_EXERCISE DIRECTIONS_
Your task is to print all of the data below exactly, with no pictures included.

_SOURCE INFORMATION_
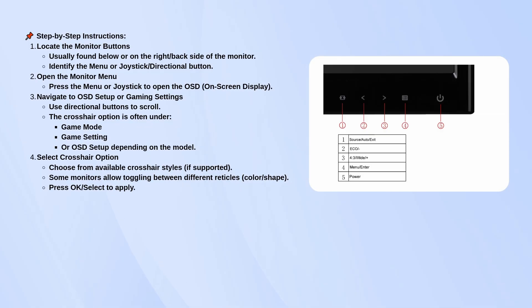If your monitor supports it, you'll be able to cycle through different crosshair styles, maybe different shapes or colors. Just select the one you like and confirm your choice.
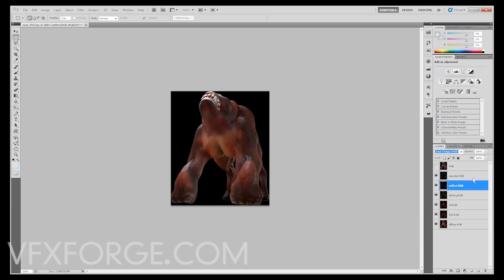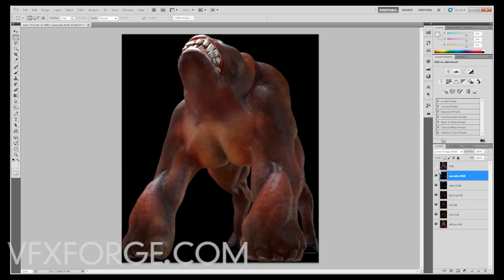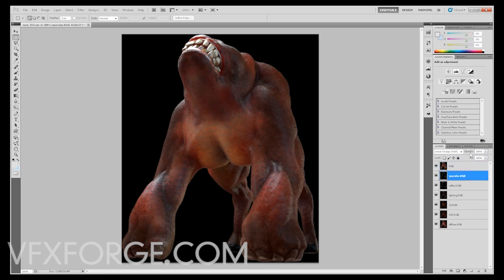Reflect should be add as well. Pretty simple. And what you should see is if I turn on the original RGB beauty render, superimposed over the composite, you're going to see there's no difference. This is what we want.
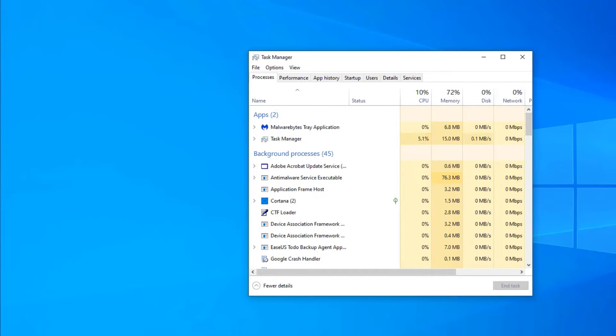This display actually does a pretty good job of showing you things in terms you are most likely to understand when we talk about Adobe Acrobat or the anti-malware service executable.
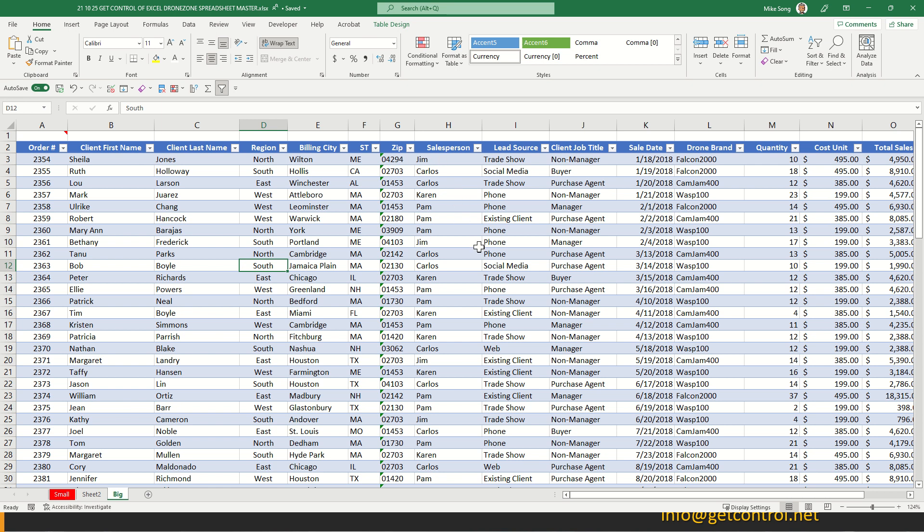This is going to help everybody take this spreadsheet, use it, and everybody will get a lot more done when you get control of Excel.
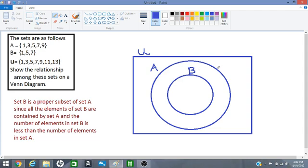Okay, so we have A and B and now we want to put in our elements in the Venn diagram. So B has 1, 5 and 7 in it and I'm writing that in here.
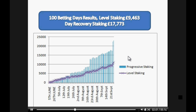The thing with progressive staking is it only comes into effect once we have a losing day. For example, if on day 1 we lost 100 pounds, then on day 2 level staking would still trade at 100 pounds per game, whereas progressive staking would double that to 200 pounds per game. If day 2 is a winning day, both progressive and level staking revert back to 100 pounds per trade. If day 2 was also a loss, then on day 3 we would go to 400 pounds per game — so depending on how aggressive you want to be, that shows you what you can do.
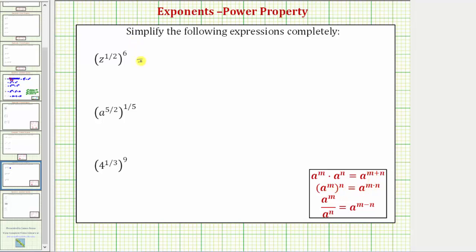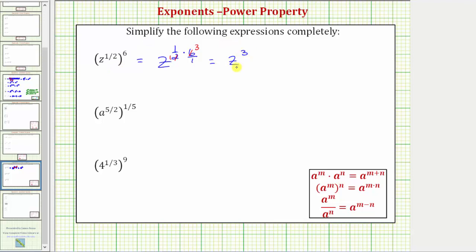So z to the one-half raised to the sixth power is equal to z raised to the power of one-half times six. To find the product, let's write six as a fraction with a denominator of one. Notice how we can simplify before multiplying because two and six share a common factor of two — there's one two in one-half and three twos in six. The product is now just one times three which equals three, and therefore the expression simplifies to z raised to the power of three, or z cubed.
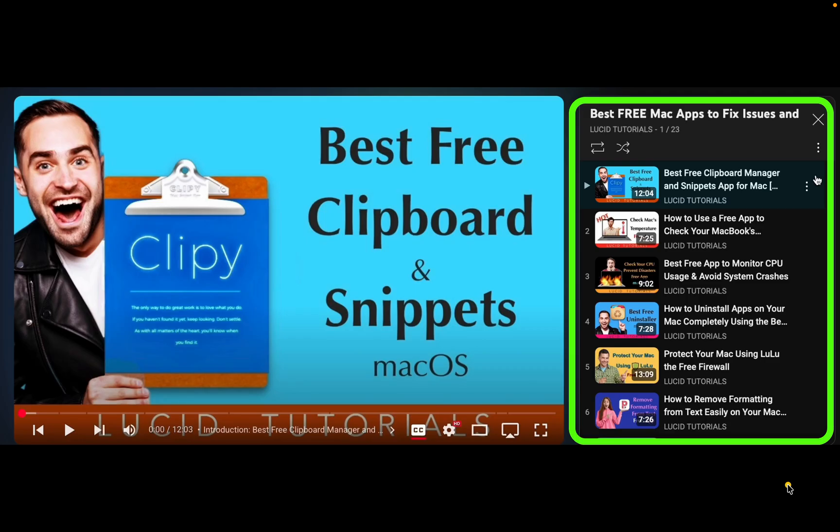If you are looking for free Mac apps to boost security and optimize your Mac's performance, access the link in the description box by clicking on more below this video. Open the link in your browser and find the list of all free apps tutorials on the right.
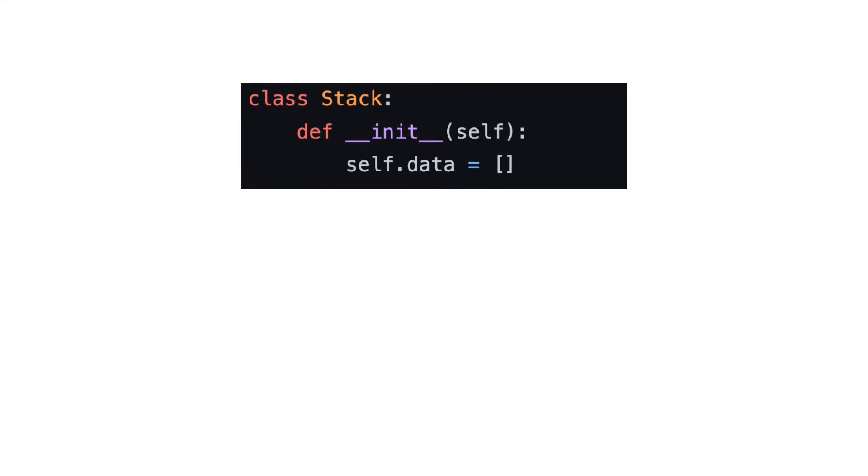Lastly, let's look at the code, which is shown in Python and linked in the description. We'll use an array to represent our stack, and implement the push and pop method.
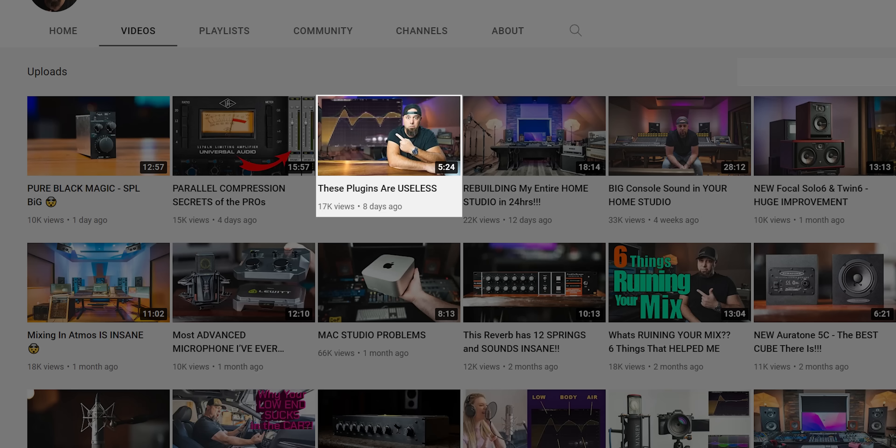Colt published a video a few weeks ago called 'These Plugins Are Useless' — I'm going to leave the link down below. In a nutshell, what Colt is sharing in this video is how working with a huge plug-in list can be a huge time waster when mixing. This is something that can slow us down, make us lose perspective when mixing, and also make us way less efficient.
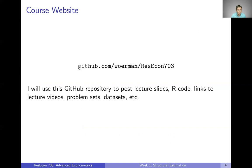All the course materials are available on the course GitHub repository. If you have the slides open, you probably already got them from there. Everything's going to be there — slides, R code, videos, problem sets, the data sets we work through in class or in problem sets, everything. So that's your one-stop spot for all course materials.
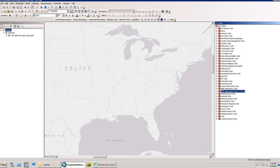This quick tutorial provides an overview of the Download USGS Rating Curve Data tool that Gannett Fleming developed. This tool will extract USGS stream gauge data from the internet and save it to a text file.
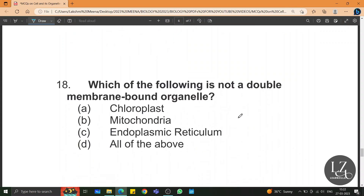Which of the following is not a double membrane-bound organelle? ER — chloroplast and mitochondria have double membranes, whereas ER is single membrane-bound.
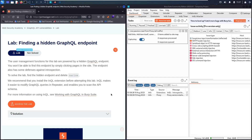Hello everyone! Welcome to my new video. In today's video we are going to hack a 'finding a hidden GraphQL endpoint' lab from the Web Security Academy.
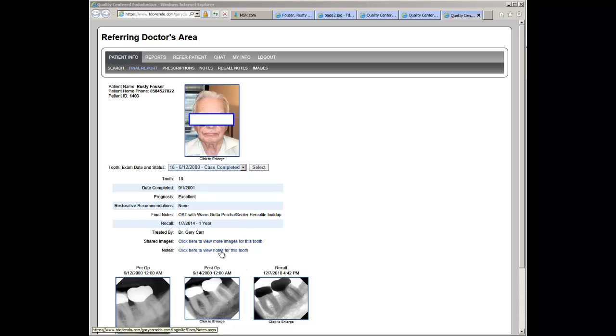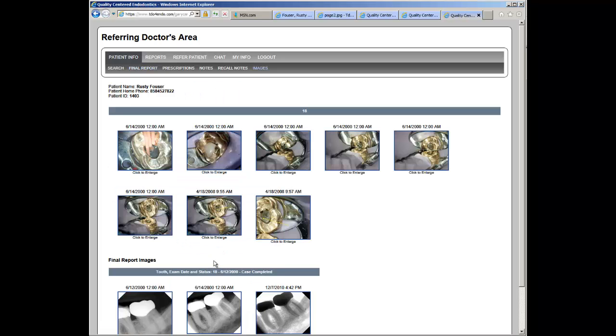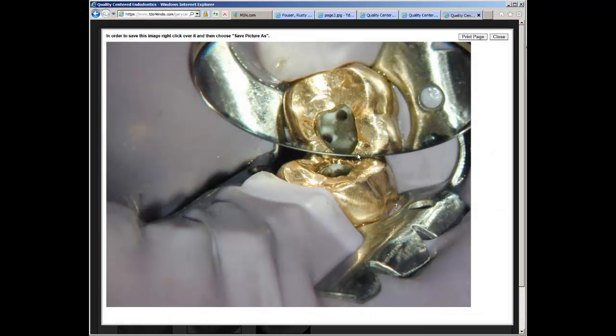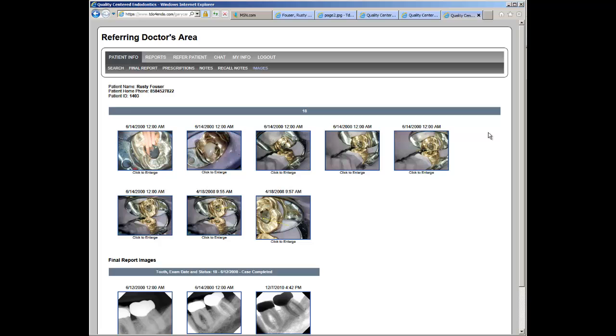You also have the ability to view all shared images that were marked for this case. Now you pick which images you wish to have shared with your referral sources. An image can be clicked and it can be made larger. And these can also be saved by the referral sources as well to their computers or printed directly from here.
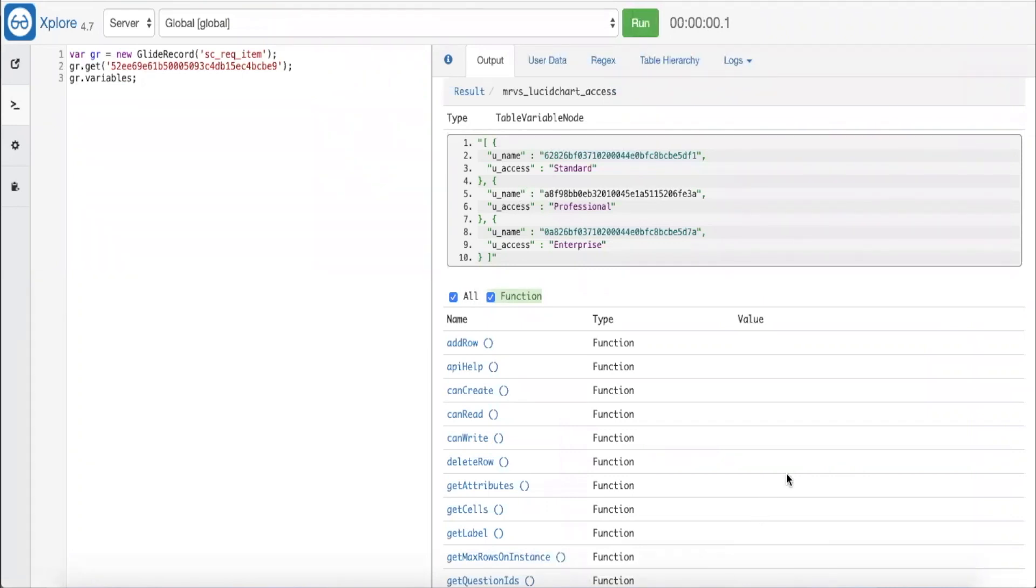As you can see, the data is stored in an array of objects with the name and access properties for each object. However, since our name variable is a reference field, only the sysid is stored in this object. If the sysid is all you need for your script, then we can definitely leverage this method.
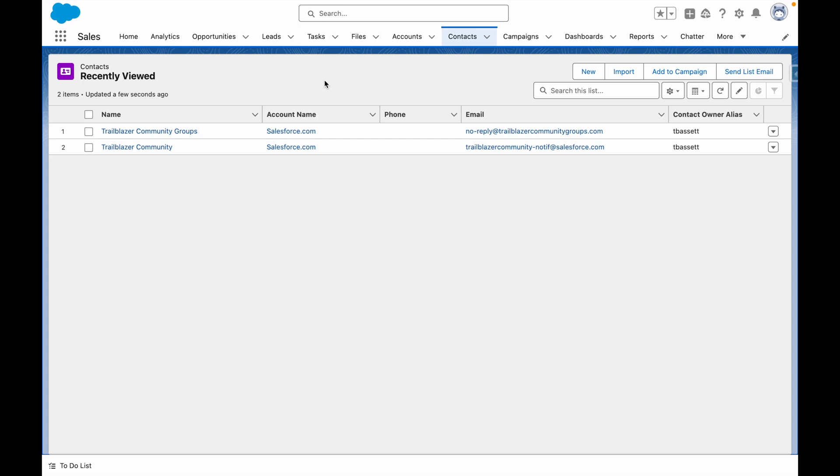With activity metrics and Einstein Activity Capture, you can report on aggregated figures against records that have captured activities.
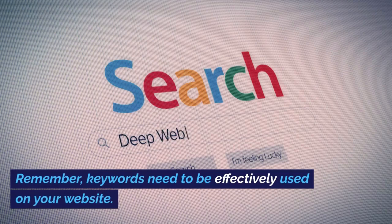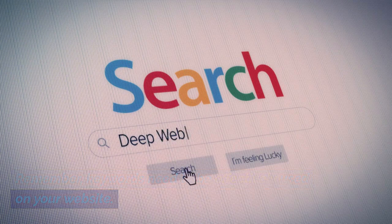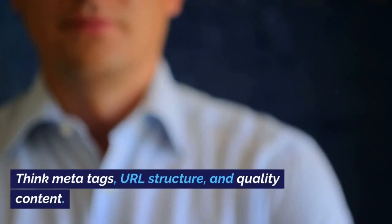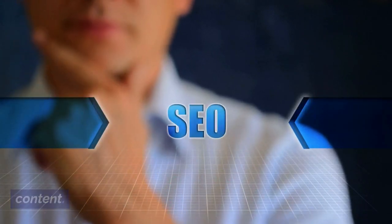Remember, keywords need to be effectively used on your website. Think meta tags, URL structure, and quality content.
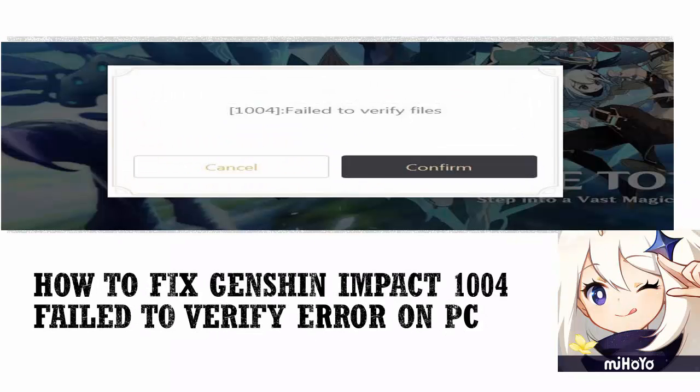Many users have encountered problems when trying to verify files in Genshin Impact. What happens is when loading the game, it says there is a failure to verify files as it loads up. If you are running into the Genshin Impact 1004 failed to verify error on PC, here's how to fix it.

_REPLY_
If your monitor supports it, you'll be able to cycle through different crosshair styles, maybe different shapes or colors. Just select the one you like and confirm your choice.
Reflect should be add as well. Pretty simple. And what you should see is if I turn on the original RGB beauty render, superimposed over the composite, you're going to see there's no difference. This is what we want.
This display actually does a pretty good job of showing you things in terms you are most likely to understand when we talk about Adobe Acrobat or the anti-malware service executable.
This is going to help everybody take this spreadsheet, use it, and everybody will get a lot more done when you get control of Excel.
Okay, so we have A and B and now we want to put in our elements in the Venn diagram. So B has 1, 5 and 7 in it and I'm writing that in here.
The thing with progressive staking is it only comes into effect once we have a losing day. For example, if on day 1 we lost 100 pounds, then on day 2 level staking would still trade at 100 pounds per game, whereas progressive staking would double that to 200 pounds per game. If day 2 is a winning day, both progressive and level staking revert back to 100 pounds per trade. If day 2 was also a loss, then on day 3 we would go to 400 pounds per game — so depending on how aggressive you want to be, that shows you what you can do.
So z to the one-half raised to the sixth power is equal to z raised to the power of one-half times six. To find the product, let's write six as a fraction with a denominator of one. Notice how we can simplify before multiplying because two and six share a common factor of two — there's one two in one-half and three twos in six. The product is now just one times three which equals three, and therefore the expression simplifies to z raised to the power of three, or z cubed.
If you are looking for free Mac apps to boost security and optimize your Mac's performance, access the link in the description box by clicking on more below this video. Open the link in your browser and find the list of all free apps tutorials on the right.
Lastly, let's look at the code, which is shown in Python and linked in the description. We'll use an array to represent our stack, and implement the push and pop method.
Colt published a video a few weeks ago called 'These Plugins Are Useless' — I'm going to leave the link down below. In a nutshell, what Colt is sharing in this video is how working with a huge plug-in list can be a huge time waster when mixing. This is something that can slow us down, make us lose perspective when mixing, and also make us way less efficient.
All the course materials are available on the course GitHub repository. If you have the slides open, you probably already got them from there. Everything's going to be there — slides, R code, videos, problem sets, the data sets we work through in class or in problem sets, everything. So that's your one-stop spot for all course materials.
This quick tutorial provides an overview of the Download USGS Rating Curve Data tool that Gannett Fleming developed. This tool will extract USGS stream gauge data from the internet and save it to a text file.
Which of the following is not a double membrane-bound organelle? ER — chloroplast and mitochondria have double membranes, whereas ER is single membrane-bound.
Hello everyone! Welcome to my new video. In today's video we are going to hack a 'finding a hidden GraphQL endpoint' lab from the Web Security Academy.
You also have the ability to view all shared images that were marked for this case. Now you pick which images you wish to have shared with your referral sources. An image can be clicked and it can be made larger. And these can also be saved by the referral sources as well to their computers or printed directly from here.
As you can see, the data is stored in an array of objects with the name and access properties for each object. However, since our name variable is a reference field, only the sysid is stored in this object. If the sysid is all you need for your script, then we can definitely leverage this method.
With activity metrics and Einstein Activity Capture, you can report on aggregated figures against records that have captured activities.
Remember, keywords need to be effectively used on your website. Think meta tags, URL structure, and quality content.
Many users have encountered problems when trying to verify files in Genshin Impact. What happens is when loading the game, it says there is a failure to verify files as it loads up. If you are running into the Genshin Impact 1004 failed to verify error on PC, here's how to fix it.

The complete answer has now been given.